How EGF receptors influence cell growth

A new insight into the way the EGF receptor sends signals into cells could help researchers design new cancer drugs that target this protein.

Epidermal growth factor receptor, which exists on the cell surface and is activated by binding of its specific ligands, including epidermal growth factor and transforming growth factor alpha.

In a new study that was recently published in Nature Communications, researchers from the Massachusetts Institute of Technology (MIT) describe their discovery of how epidermal growth factor receptors (EGFR) changes its shape when it binds to its target, and how these changes trigger cells to grow and proliferate. The receptor is overexpressed in many types of cancer and is the target of several cancer drugs. These drugs often work well at first, but tumours can become resistant to them. Understanding the mechanism of these receptors better may help researchers design drugs that can evade that resistance.

Like most cell receptors, the EGFR spans the cell membrane. An extracellular region of the receptor interacts with its target molecule; a transmembrane section is embedded within the membrane; and an intracellular section interacts with cellular machinery that controls growth pathways.

The extracellular portion of the receptor has been analysed in detail, but the transmembrane and intracellular sections have been difficult to study because they are more disordered and cannot be crystallised.

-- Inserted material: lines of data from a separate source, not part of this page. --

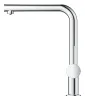 Змішувач для кухні з підключенням до фільтру Grohe Blue Pure (31721000) — Photo 16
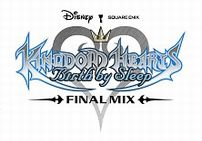 画像ギャラリー No.002のサムネイル画像 / 「KINGDOM HEARTS II」や「Birth by Sleep」をHD画質で楽しめるPS3向けタイトル「KINGDOM HEARTS -HD 2.5 ReMIX-」が2014年内に発売決定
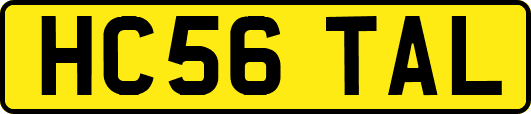 HC56TAL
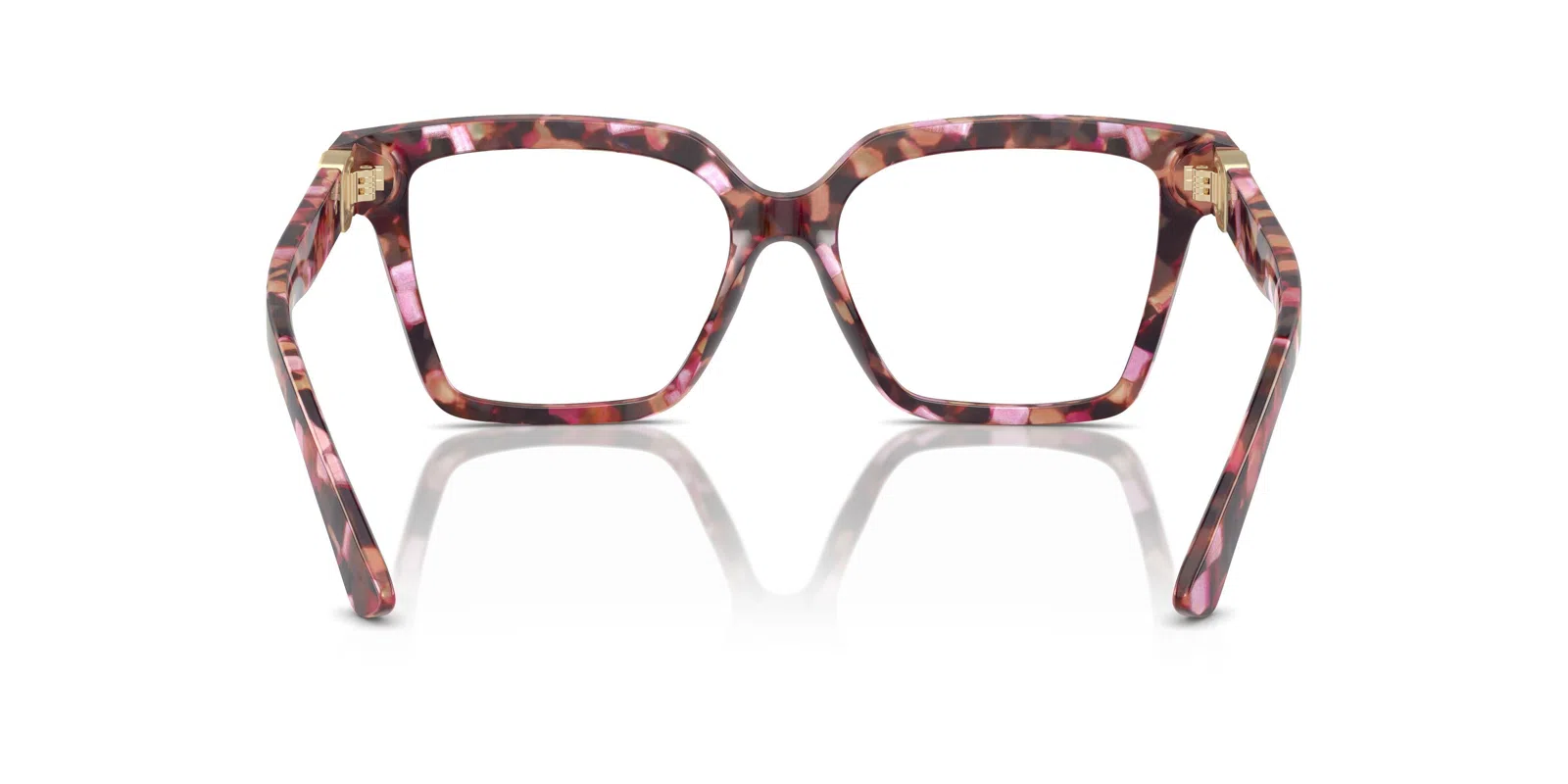 Dolce & Gabbana 3395 Eyeglasses - view 10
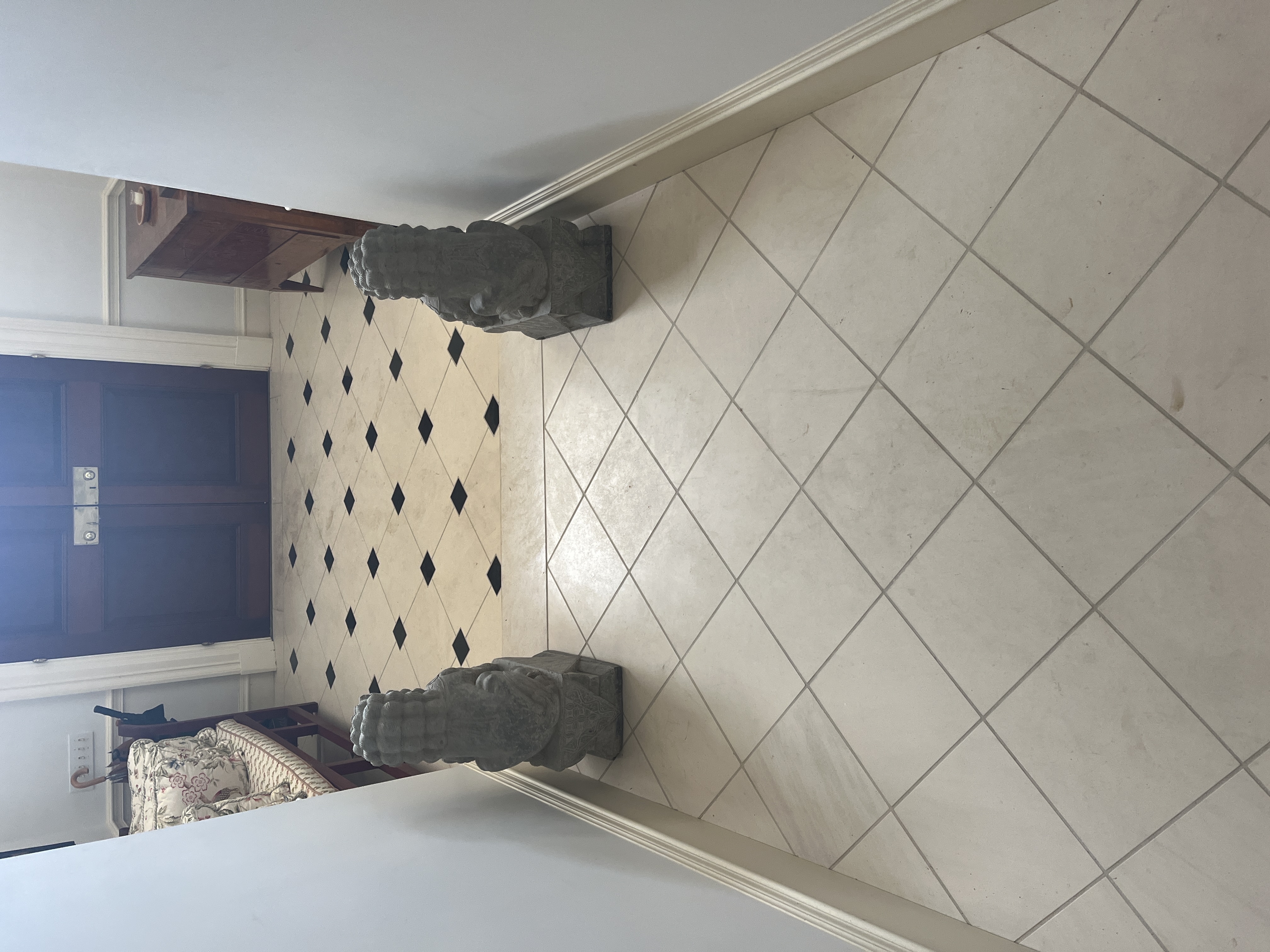 Superclean Services cleaning job in Palm Beach County, Florida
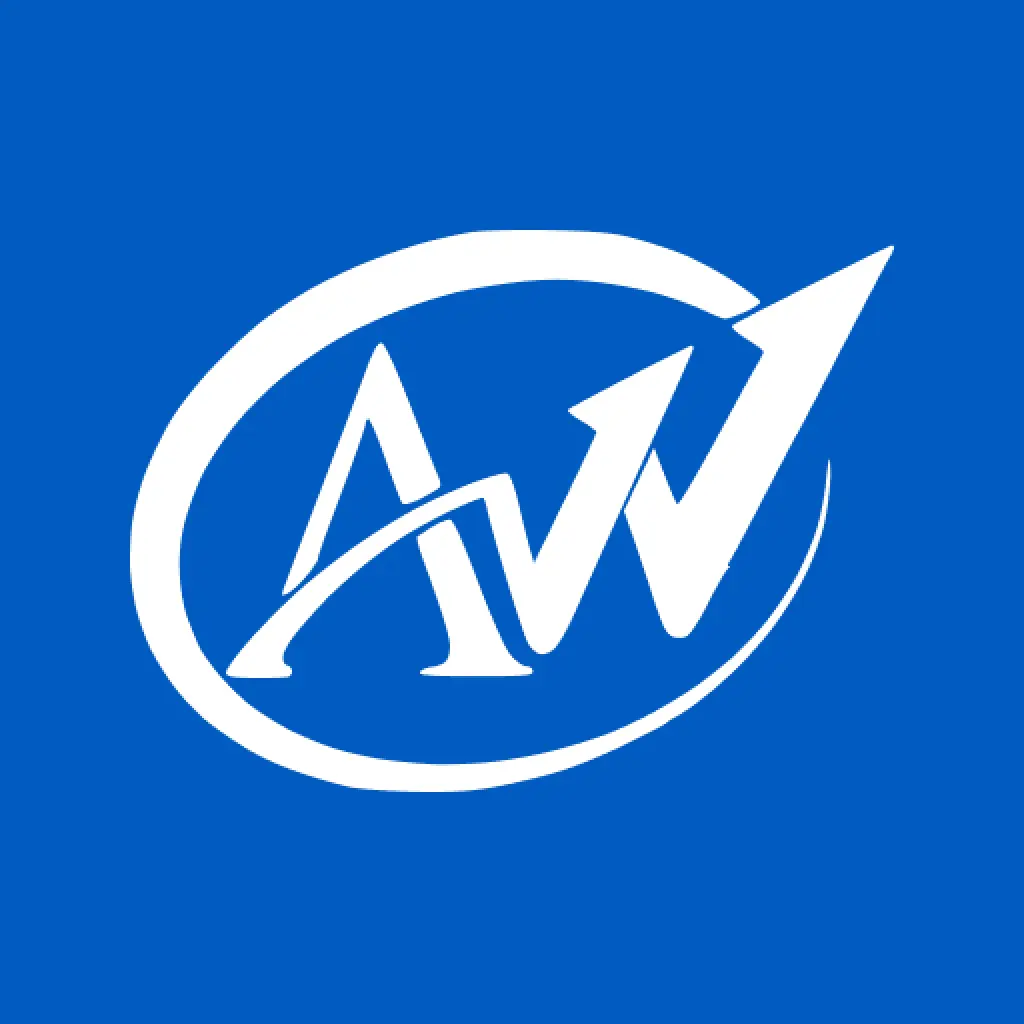allwinner logo on cancel network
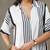 women printed smart office kurta with trousers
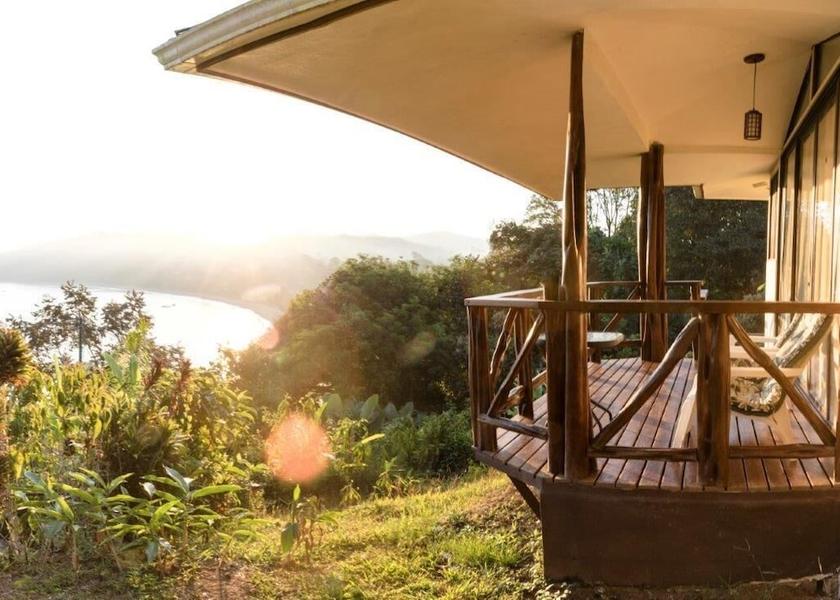 Puntarenas Drake Bay Terrace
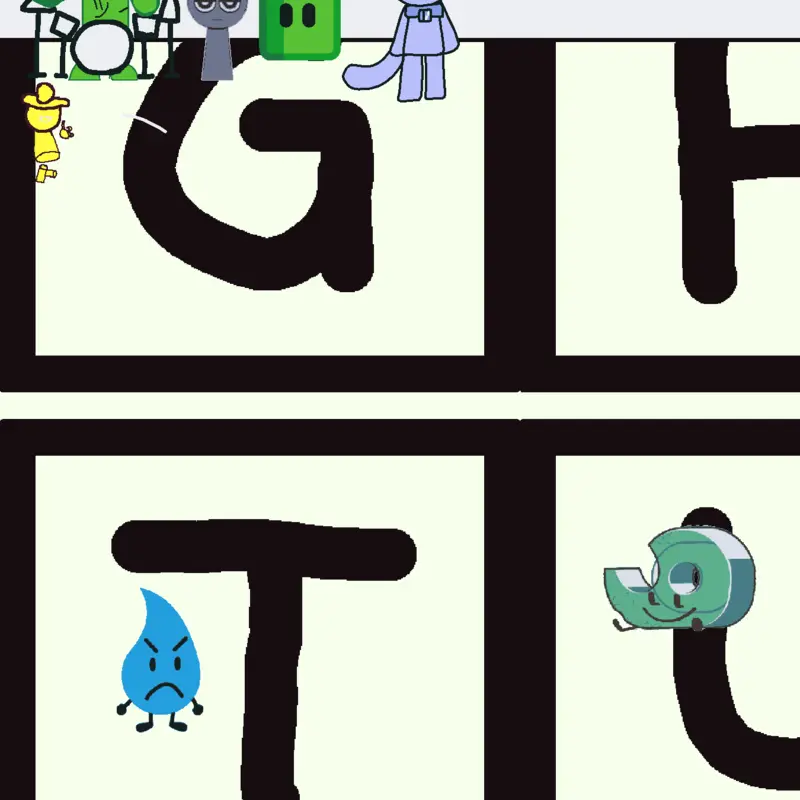 Game by @buttercreamthebunny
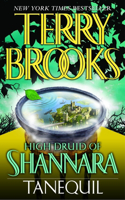 High Druid of Shannara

In a study carried out five years ago, the team set out to try to learn more about those lesser-known structures. The researchers embedded the proteins in a special type of self-assembling membrane called a nano disc, which mimics the cell membrane. Then, they used single-molecule fluorescence resonance energy transfer (smFRET) imaging to study how the conformation of the receptor changes when it binds to EGF.

The researchers labelled the nano disc membrane and the end of the intracellular tail of the protein with two different fluorophores, which allowed them to measure the distance between the protein tail and the cell membrane, under a variety of circumstances.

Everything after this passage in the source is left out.